Wie wurde zum Schadenersatz entschieden?

Diesel-Abgasskandal vor dem Bundesgerichtshof ohne Ende

  • Lesedauer: 3 Min.

In Deutschland rief das Kraftfahrt-Bundesamt (KBA) 2,4 Millionen Dieselfahrzeuge wegen »unzulässiger Abschalteinrichtung« zurück. Betroffen sind Modelle von Audi, Seat, Skoda und VW gleichermaßen. Auch ausländische Modelle sind in dem Skandal verwickelt.

Laut dem ersten und wichtigsten Urteil des BGH zum Dieselskandal haben betroffene Klägerinnen und Kläger Anspruch auf Schadenersatz von VW. Sie können ihr Auto zurückgeben und bekommen ihr Geld wieder. Die gefahrenen Kilometer werden mit dem Kaufpreis verrechnet. Doch jeder Fall ist anders. Im Überblick, worüber der BGH bislang entschieden hat:

SPÄTER KAUF: Wer sein Auto erst nach Auffliegen des Abgasskandals im September 2015 gekauft hat, geht leer aus. Eine Arglosigkeit, die VW hätte ausnutzen können, ist hier nicht mehr gegeben. Für Autos der Konzernmarken Audi, Skoda und Seat gelten dieselben Regeln.

SOFTWARE-UPDATE: Das verpflichtende Update, mit dem die Betrugssoftware deaktiviert wurde, ist keine neue unzulässige Abschalteinrichtung. Allein deswegen gibt es keinen Schadenersatz.

VIELFAHRER: Wenn jemand die geschätzte Laufleistung seines Autos voll ausgeschöpft hat, bleibt vom Schadenersatz nichts übrig. Der finanzielle Schaden ist durch die Nutzung vollständig ausgeglichen.

KEINE DELIKTSZINSEN: Erfolgreichen Klägern muss Volkswagen den Kaufpreis nicht noch rückwirkend verzinsen. Die Kunden hätten für ihr Geld ein voll nutzbares Auto bekommen, so der BGH.

RATENKAUF: Zum Schadenersatz gehören auch Extra-Kosten für eine Ratenfinanzierung wie Darlehenszinsen. VW muss getäuschte Kunden grundsätzlich so stellen, als ob sie das Auto nie gekauft hätten.

KLEINER SCHADENERSATZ: Wer sein Auto behalten will, hat Anspruch auf Ausgleich des Minderwerts. Es wird bestimmt, welcher Betrag aus heutiger Sicht beim Kauf zu viel ausgegeben wurde. Dabei sind auch Vor- und Nachteile durch das Software-Update mit einzuberechnen.

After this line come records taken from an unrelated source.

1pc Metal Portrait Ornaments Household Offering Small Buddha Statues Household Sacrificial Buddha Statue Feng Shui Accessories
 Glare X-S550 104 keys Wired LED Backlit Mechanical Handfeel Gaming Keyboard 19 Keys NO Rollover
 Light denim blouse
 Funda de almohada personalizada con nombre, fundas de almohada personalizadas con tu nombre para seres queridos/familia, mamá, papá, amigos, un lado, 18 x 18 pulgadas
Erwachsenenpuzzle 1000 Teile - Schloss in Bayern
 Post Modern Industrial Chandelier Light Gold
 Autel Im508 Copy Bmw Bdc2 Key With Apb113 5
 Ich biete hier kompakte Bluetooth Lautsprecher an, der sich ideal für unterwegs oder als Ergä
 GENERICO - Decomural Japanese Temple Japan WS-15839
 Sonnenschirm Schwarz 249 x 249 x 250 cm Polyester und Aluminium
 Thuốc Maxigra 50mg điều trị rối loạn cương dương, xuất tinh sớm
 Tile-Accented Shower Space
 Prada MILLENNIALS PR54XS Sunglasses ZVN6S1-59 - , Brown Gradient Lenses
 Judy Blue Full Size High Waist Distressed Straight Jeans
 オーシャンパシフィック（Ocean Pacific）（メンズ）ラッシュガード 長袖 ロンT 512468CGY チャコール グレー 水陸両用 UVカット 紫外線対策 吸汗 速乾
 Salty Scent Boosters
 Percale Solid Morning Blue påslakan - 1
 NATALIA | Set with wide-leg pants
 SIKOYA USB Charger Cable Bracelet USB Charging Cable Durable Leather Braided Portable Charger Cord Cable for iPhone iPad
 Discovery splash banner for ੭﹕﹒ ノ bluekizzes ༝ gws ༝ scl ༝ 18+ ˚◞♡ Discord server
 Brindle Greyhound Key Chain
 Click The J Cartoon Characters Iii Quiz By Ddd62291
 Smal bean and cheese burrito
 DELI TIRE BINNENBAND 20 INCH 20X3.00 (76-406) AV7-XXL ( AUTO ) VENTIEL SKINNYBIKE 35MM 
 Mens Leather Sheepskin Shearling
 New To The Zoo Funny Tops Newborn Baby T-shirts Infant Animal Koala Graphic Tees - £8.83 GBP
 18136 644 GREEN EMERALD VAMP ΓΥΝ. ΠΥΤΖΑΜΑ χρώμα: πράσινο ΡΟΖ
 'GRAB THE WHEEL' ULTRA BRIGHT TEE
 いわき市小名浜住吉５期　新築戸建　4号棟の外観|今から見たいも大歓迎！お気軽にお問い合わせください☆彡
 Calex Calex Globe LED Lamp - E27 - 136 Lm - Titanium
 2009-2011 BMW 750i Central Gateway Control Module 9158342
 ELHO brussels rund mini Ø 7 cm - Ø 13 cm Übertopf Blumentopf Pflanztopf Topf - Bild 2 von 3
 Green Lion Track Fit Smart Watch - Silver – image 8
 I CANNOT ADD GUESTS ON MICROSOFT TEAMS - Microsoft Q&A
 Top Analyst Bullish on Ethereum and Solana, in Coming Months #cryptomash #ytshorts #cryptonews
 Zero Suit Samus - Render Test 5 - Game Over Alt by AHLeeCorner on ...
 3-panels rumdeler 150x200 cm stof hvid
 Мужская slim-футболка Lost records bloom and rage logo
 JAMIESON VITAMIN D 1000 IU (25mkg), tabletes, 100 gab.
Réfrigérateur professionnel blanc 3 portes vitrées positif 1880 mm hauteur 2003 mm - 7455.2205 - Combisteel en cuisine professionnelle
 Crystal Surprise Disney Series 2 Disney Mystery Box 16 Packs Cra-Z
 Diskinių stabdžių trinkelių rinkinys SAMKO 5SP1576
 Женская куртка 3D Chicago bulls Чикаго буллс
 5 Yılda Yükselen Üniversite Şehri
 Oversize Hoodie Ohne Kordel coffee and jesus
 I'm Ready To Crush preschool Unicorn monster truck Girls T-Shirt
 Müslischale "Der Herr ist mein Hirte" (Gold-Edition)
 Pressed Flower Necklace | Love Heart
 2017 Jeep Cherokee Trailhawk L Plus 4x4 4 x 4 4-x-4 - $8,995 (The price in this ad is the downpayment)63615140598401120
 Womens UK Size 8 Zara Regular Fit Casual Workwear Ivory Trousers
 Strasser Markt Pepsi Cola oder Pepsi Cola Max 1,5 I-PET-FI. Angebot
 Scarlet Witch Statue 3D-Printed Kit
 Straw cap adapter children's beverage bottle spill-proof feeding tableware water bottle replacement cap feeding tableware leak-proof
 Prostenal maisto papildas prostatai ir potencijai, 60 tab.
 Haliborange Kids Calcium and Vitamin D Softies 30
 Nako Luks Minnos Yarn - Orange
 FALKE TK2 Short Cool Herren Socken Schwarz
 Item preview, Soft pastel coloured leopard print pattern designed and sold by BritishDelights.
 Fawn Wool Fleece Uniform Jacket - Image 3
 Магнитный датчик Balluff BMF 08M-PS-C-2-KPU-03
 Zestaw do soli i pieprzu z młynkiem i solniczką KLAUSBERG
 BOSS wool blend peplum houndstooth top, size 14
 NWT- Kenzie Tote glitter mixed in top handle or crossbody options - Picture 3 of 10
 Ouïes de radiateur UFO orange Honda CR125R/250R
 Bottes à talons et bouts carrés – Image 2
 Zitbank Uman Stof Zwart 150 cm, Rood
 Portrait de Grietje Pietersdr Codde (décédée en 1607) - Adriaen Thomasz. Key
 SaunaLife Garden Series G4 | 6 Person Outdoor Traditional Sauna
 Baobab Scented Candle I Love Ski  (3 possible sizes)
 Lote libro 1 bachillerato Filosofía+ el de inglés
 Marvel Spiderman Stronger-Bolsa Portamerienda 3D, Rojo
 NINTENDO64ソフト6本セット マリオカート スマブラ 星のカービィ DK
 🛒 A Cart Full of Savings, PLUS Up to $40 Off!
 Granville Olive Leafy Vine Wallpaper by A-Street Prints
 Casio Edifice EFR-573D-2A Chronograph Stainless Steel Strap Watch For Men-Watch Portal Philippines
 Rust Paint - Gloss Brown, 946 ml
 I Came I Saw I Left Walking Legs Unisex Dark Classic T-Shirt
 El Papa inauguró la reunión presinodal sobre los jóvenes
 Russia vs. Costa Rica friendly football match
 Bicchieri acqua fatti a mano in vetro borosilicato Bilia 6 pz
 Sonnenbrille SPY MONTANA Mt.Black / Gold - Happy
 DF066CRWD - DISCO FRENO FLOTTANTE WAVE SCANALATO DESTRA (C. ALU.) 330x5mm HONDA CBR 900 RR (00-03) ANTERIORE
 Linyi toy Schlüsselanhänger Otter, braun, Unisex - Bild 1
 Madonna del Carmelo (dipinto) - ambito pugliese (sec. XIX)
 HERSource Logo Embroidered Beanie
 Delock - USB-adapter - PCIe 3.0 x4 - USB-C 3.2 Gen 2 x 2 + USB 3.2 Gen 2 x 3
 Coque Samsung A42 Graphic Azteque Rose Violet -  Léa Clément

LEASING: Wer sein Auto geleast hat, bekommt in der Regel kein Geld aus den Raten zurück. Das gekaufte Auto wird unter Umständen gefahren, bis es schrottreif, dagegen hat die Fahrzeugnutzung beim Leasing einen eigenen, grundsätzlich zeitbezogenen Wert. Zudem hat der Kunde schon einen Vorteil gehabt und dafür Raten gezahlt.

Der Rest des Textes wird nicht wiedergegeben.